◆ Problem requirements
Copy the data that follows exactly as it is, excluding all pictures.

◆ Input data
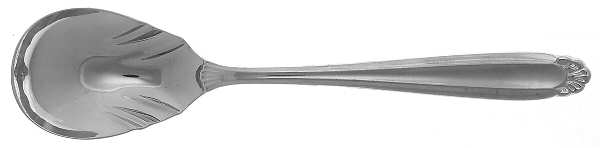 Sea Wave (Stainless, Elegance) Sugar Spoon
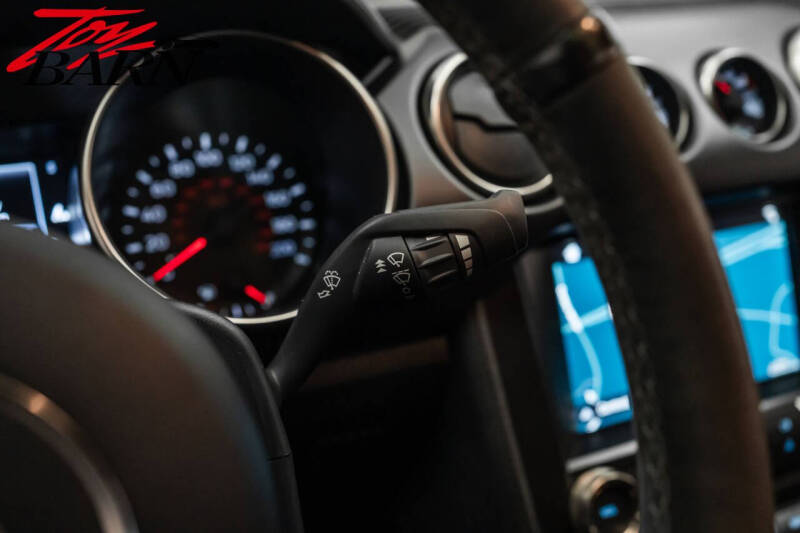 2016 Ford Mustang Shelby GT350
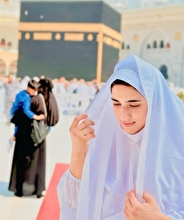 مدال برنز در ریاض، طواف در مکه/ شگفت‌ انگیزترین روزهای زندگی مریم بربط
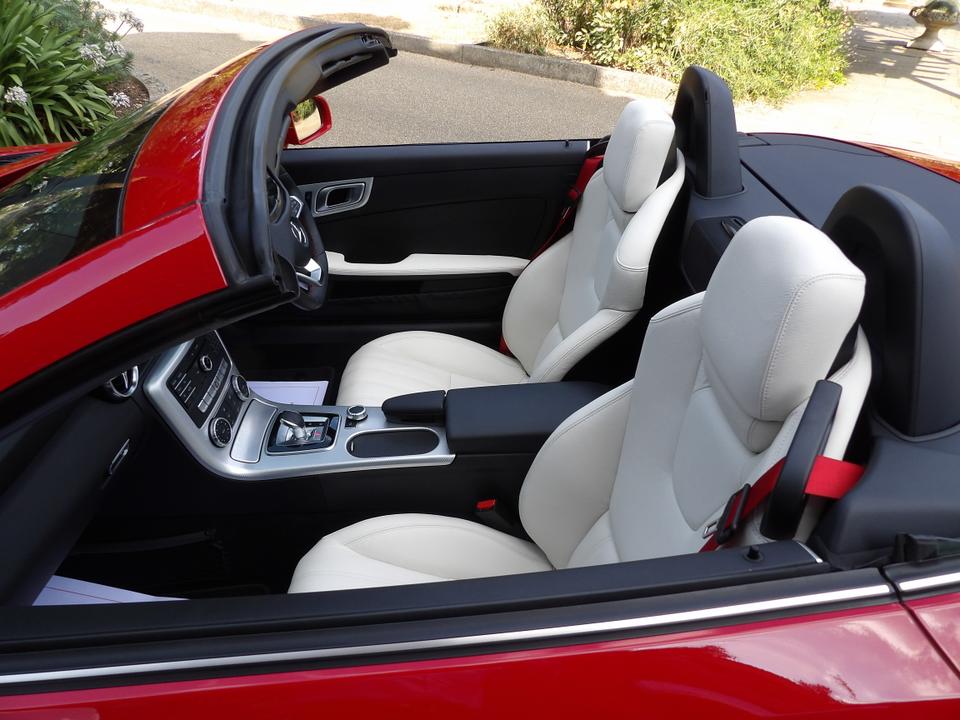 Used Mercedes-Benz SLC HD16LSU 5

◆ Your solution
 Sea Wave (Stainless, Elegance) Sugar Spoon
 2016 Ford Mustang Shelby GT350
 مدال برنز در ریاض، طواف در مکه/ شگفت‌ انگیزترین روزهای زندگی مریم بربط
 Used Mercedes-Benz SLC HD16LSU 5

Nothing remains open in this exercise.